═════ DATASET EXTRACT ═════
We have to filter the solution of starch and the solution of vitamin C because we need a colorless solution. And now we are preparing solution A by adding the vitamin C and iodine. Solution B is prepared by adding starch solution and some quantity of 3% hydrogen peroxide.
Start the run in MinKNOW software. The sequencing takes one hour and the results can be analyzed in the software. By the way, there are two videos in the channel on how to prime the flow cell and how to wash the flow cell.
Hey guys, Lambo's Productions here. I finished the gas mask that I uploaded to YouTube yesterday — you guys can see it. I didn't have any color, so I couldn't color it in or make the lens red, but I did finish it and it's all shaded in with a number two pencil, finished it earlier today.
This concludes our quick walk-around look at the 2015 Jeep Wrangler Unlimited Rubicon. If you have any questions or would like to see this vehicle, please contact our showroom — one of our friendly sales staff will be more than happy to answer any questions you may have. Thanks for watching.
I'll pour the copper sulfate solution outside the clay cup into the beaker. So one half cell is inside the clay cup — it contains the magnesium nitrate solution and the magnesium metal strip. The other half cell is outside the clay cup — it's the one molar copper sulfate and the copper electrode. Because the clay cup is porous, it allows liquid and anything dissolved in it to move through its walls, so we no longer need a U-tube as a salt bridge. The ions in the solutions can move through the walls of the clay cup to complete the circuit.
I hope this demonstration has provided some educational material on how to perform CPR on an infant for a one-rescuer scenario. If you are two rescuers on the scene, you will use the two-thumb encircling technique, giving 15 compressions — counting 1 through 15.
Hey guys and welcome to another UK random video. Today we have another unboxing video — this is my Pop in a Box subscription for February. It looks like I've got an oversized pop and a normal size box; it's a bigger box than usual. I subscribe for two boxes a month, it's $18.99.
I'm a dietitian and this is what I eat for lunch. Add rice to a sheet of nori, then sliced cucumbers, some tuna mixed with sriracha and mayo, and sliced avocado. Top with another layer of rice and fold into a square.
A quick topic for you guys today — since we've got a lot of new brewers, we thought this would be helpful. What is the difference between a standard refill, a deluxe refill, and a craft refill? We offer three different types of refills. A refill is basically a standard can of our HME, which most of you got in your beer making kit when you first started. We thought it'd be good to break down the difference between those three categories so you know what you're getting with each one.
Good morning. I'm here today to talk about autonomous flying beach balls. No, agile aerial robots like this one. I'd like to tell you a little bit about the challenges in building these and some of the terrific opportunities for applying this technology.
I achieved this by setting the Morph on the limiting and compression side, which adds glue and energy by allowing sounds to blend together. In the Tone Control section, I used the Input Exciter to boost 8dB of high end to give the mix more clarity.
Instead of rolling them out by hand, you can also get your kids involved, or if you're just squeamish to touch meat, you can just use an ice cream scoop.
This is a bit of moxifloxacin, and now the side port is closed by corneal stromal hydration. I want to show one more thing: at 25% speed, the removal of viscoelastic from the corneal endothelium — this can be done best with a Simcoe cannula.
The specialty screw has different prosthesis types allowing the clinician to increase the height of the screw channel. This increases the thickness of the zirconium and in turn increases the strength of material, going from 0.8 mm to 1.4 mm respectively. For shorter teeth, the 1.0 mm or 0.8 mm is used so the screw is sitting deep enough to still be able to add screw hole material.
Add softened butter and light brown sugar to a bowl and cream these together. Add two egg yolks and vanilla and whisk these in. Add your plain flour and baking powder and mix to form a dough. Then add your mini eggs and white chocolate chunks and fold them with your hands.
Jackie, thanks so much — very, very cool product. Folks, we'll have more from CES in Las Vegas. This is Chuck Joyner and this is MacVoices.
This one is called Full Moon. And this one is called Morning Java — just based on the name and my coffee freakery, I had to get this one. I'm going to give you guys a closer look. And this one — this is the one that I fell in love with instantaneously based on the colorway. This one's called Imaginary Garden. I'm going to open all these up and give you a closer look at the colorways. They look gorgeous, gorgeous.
═════
The answer must contain only the lines from the one with "Add softened butter" to the end of the entries above, each written out exactly.

Add softened butter and light brown sugar to a bowl and cream these together. Add two egg yolks and vanilla and whisk these in. Add your plain flour and baking powder and mix to form a dough. Then add your mini eggs and white chocolate chunks and fold them with your hands.
Jackie, thanks so much — very, very cool product. Folks, we'll have more from CES in Las Vegas. This is Chuck Joyner and this is MacVoices.
This one is called Full Moon. And this one is called Morning Java — just based on the name and my coffee freakery, I had to get this one. I'm going to give you guys a closer look. And this one — this is the one that I fell in love with instantaneously based on the colorway. This one's called Imaginary Garden. I'm going to open all these up and give you a closer look at the colorways. They look gorgeous, gorgeous.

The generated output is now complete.